● Input data:
● ● ● ● ●

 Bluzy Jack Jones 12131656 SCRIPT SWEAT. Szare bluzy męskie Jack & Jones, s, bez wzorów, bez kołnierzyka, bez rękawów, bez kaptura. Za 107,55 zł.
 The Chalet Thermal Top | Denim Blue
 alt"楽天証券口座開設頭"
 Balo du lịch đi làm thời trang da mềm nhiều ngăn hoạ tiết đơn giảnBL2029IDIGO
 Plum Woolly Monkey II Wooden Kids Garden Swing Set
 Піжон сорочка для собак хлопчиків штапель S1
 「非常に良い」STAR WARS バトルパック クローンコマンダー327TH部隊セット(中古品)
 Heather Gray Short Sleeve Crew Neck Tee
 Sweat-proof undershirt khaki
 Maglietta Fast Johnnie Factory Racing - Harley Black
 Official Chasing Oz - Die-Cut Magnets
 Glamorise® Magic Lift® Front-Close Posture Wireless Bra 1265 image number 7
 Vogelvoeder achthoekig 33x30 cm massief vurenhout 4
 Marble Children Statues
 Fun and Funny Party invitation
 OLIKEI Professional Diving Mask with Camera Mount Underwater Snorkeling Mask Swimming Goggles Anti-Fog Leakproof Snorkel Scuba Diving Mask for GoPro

● ● ● ● ●

● Exercise: All of the data above needs to be given again exactly.

● Answer section:
 Bluzy Jack Jones 12131656 SCRIPT SWEAT. Szare bluzy męskie Jack & Jones, s, bez wzorów, bez kołnierzyka, bez rękawów, bez kaptura. Za 107,55 zł.
 The Chalet Thermal Top | Denim Blue
 alt"楽天証券口座開設頭"
 Balo du lịch đi làm thời trang da mềm nhiều ngăn hoạ tiết đơn giảnBL2029IDIGO
 Plum Woolly Monkey II Wooden Kids Garden Swing Set
 Піжон сорочка для собак хлопчиків штапель S1
 「非常に良い」STAR WARS バトルパック クローンコマンダー327TH部隊セット(中古品)
 Heather Gray Short Sleeve Crew Neck Tee
 Sweat-proof undershirt khaki
 Maglietta Fast Johnnie Factory Racing - Harley Black
 Official Chasing Oz - Die-Cut Magnets
 Glamorise® Magic Lift® Front-Close Posture Wireless Bra 1265 image number 7
 Vogelvoeder achthoekig 33x30 cm massief vurenhout 4
 Marble Children Statues
 Fun and Funny Party invitation
 OLIKEI Professional Diving Mask with Camera Mount Underwater Snorkeling Mask Swimming Goggles Anti-Fog Leakproof Snorkel Scuba Diving Mask for GoPro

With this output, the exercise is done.